There is something really appealing about doing simple work along with company. I don’t think this effect is limited to blue collar work. Basically any job where you are doing something and have a freed mental capacity to socialize (I had this effect grading exams with company) at the same time will over time cause people to bond over the most common denominator, not to be bored.

Can relate to what you’re saying, was never happier than when I worked moving furniture in the summers during high school and college. Nothing like the camaraderie you develop doing manual labor with other people, and the days seem to go by quick when you’re on the road alot, at least I found. I often think if I could make a decent living doing that I’d be very happy, but at the same time gotta wonder if the romance kinda wears off if you HAVE to do it for your whole life, not to mention the physical toll on your body as we get older in some of those jobs.

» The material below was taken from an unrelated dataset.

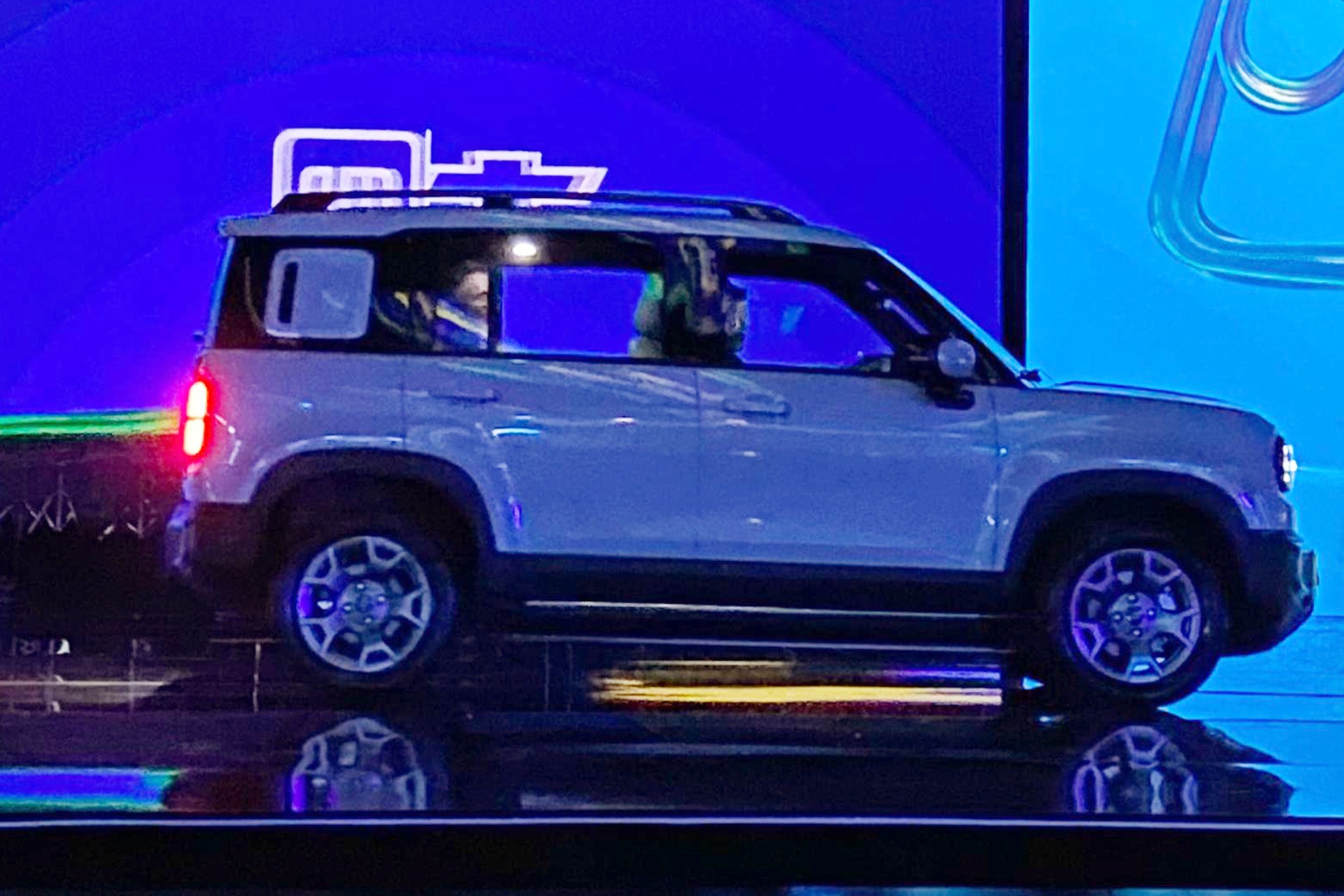 Chevrolet Spark EUV x BYD Dolphin x GWM Ora 03: compare os carros elétricos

There’s another aspect of blue collar work that I envy sometimes: the fact that so many of these guys have known all their life what they wanted to do.
The follow their father’s example; start working alongside him when they are 16, and get very good at what they do.
By age 22, they’re very comfortable with who they are and what they want from their future.
I’ve know a plumber/handyman guy, who always comes to work at my house with one or both of his sons. The pride they feel in a job well done just shows on their faces.

Unlike the typical college student, trying to live up to his (and his family’s) expectations, and build a career.
No need to get neurotic over which university to try to get into, go networking like crazy, desperately hanging onto every lead and personal connection they can find, doing anything to pad the resume. And risk losing your all self-esteem if it doesn’t work out.